> _Provided data_:
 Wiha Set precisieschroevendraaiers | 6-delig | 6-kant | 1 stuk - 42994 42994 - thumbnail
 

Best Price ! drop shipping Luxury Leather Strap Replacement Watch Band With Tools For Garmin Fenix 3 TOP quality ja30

---

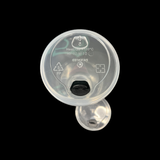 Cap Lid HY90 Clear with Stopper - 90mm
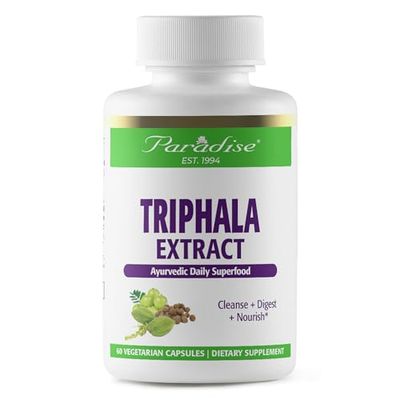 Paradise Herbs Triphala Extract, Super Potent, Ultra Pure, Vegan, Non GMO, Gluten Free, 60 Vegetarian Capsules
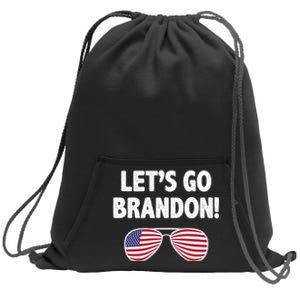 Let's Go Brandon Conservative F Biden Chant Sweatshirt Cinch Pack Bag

> _What you are asked to do_:
Transcribe the lines above between the line holding "Wiha Set precisieschroevendraaiers" and the line holding "Best Price !", inclusive, exactly as they stand and with nothing added.

> _Exercise output_:
 Wiha Set precisieschroevendraaiers | 6-delig | 6-kant | 1 stuk - 42994 42994 - thumbnail
 

Best Price ! drop shipping Luxury Leather Strap Replacement Watch Band With Tools For Garmin Fenix 3 TOP quality ja30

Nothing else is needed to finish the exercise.